Dès lors, Tamir Pardo ne cache plus ses ambitions de prendre la direction du Mossad. À la fin de 2007, il est rappelé en urgence par Meir Dagan après que son numéro deux – « N » – le quitte, furieux de le voir reconduit une nouvelle fois dans ses fonctions. Fin tacticien, Pardo accepte de revenir travailler au côté de Dagan, persuadé que celui-ci finira par renoncer à son fauteuil. Mais il comprend très vite qu’il risque de rester encore longtemps dans son ombre et décide de quitter l’organisation en juin 2009. « S’ils veulent me parler, ils n’ont qu’à m’appeler », aurait-il déclaré à son entourage. Le miracle tant espéré finit par se produire. Alors qu’il se trouve en pleine reconversion dans les affaires, Tamir Pardo est convoqué en novembre 2010 au bureau du Premier ministre, à Jérusalem. Benyamin Netanyahou lui offre un mandat ferme de cinq ans à la tête des services secrets de l’État hébreu.

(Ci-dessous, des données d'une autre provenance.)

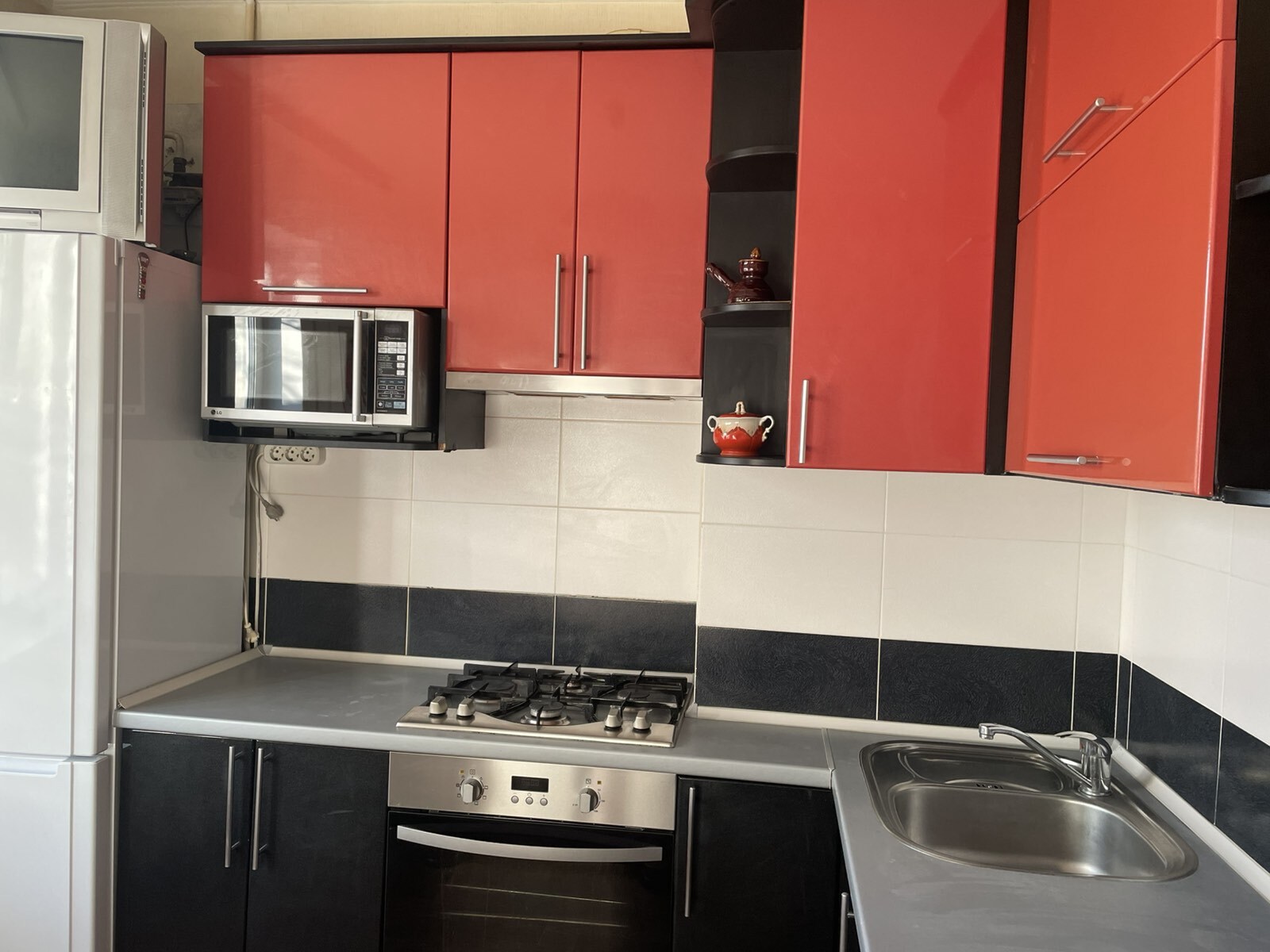 Аренда 1-комнатной квартиры 54 м², Ивана Мазепы ул.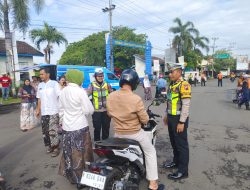 Aksi Simpatik Satlantas Pati di Jalan Pati–Gabus Bikin Pengendara Kaget Senang! Ini yang Terjadi Pagi Tadi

La nomination de Pardo réjouit unanimement l’establishment israélien. D’abord parce qu’il s’agit du premier chef du Mossad depuis 1996 à être véritablement issu de l’organisation. Trente années de gestion opérationnelle, une parfaite maîtrise des rouages du système et de l’ensemble des dossiers liés à la sécurité d’Israël en font indéniablement l’homme idoine. Dans les milieux de la défense, ses qualités sont hautement appréciées. « Il est clairvoyant, prudent et réfléchi », assure le général de réserve Uzi Dayan, aide de camp de Benyamin Netanyahou. Sans détour, il place l’arrêt du programme nucléaire iranien comme priorité absolue de Tamir Pardo. « Il a la capacité de créer un pacte silencieux avec des pays et des leaders qui se trouvent du bon côté, celui faisant face à un ennemi commun », explique Dayan.
Une guerre sans merci
Les récentes révélations de WikiLeaks accréditent clairement l’hypothèse d’une stratégie d’alliance en cours. Du point de vue israélien, les craintes exprimées par certains États arabes « modérés » et les monarchies du Golfe à l’égard de la République islamique iranienne constituent une aubaine. Mais le Mossad n’a pas attendu qu’elles se traduisent en soutien diplomatique ou militaire pour agir. Sous l’impulsion de Meir Dagan – qui vient d’achever huit ans de loyaux services –, l’État hébreu semble déjà engagé dans une guerre sans merci pour enrayer les ambitions nucléaires de l’Iran. Attaque cybernétique contre les centrifugeuses de Natanz, assassinat de scientifiques et de cadres des Pasdarans, mystérieuse explosion dans la base de missiles Imam Ali, la liste des actions attribuées jusqu’ici aux services secrets israéliens est longue. Elles pourraient désormais porter la signature de Tamir Pardo.